> Source data:
§ §

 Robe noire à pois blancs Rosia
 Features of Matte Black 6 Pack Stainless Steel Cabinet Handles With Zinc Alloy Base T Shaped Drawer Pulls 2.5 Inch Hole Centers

§ §

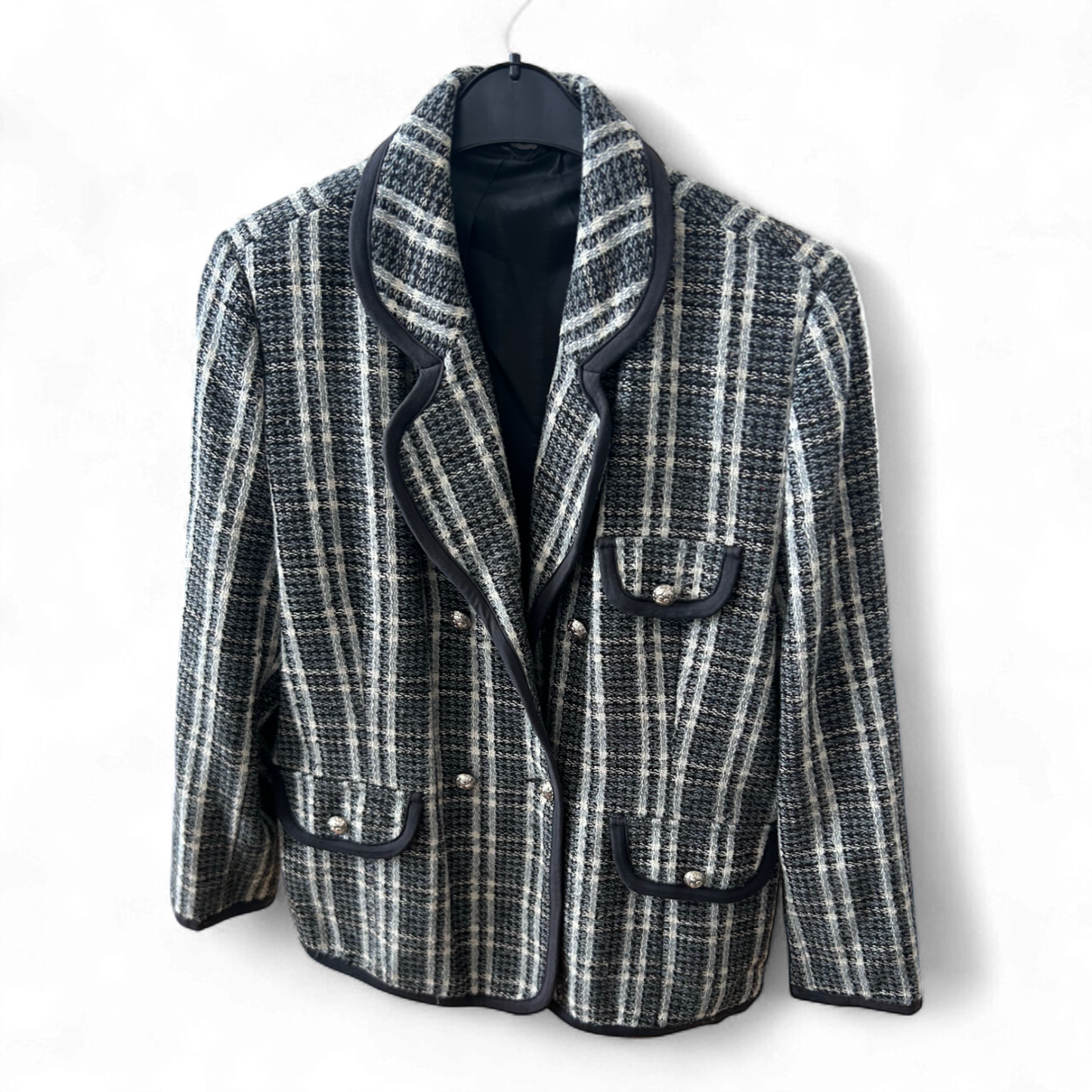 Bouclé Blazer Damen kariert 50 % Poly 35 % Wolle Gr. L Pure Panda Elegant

§ §

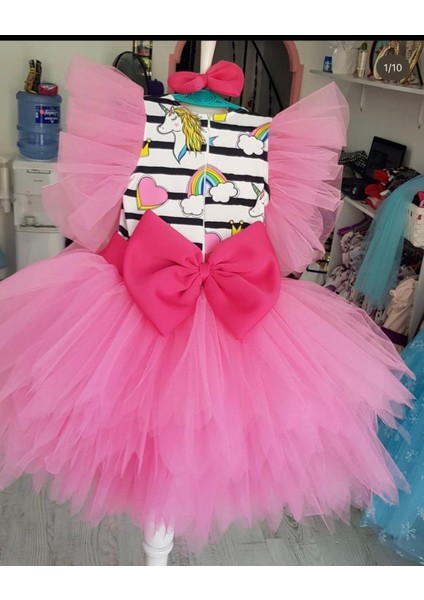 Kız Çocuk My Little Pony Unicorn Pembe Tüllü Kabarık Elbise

§ §

> Description of the task:
Only one stretch of the data above is needed. Restate it word for word, from the line containing "Robe noire à pois blancs Rosia" through the line containing "Features of Matte", both ends included.

> Finished task:
 Robe noire à pois blancs Rosia
 Features of Matte Black 6 Pack Stainless Steel Cabinet Handles With Zinc Alloy Base T Shaped Drawer Pulls 2.5 Inch Hole Centers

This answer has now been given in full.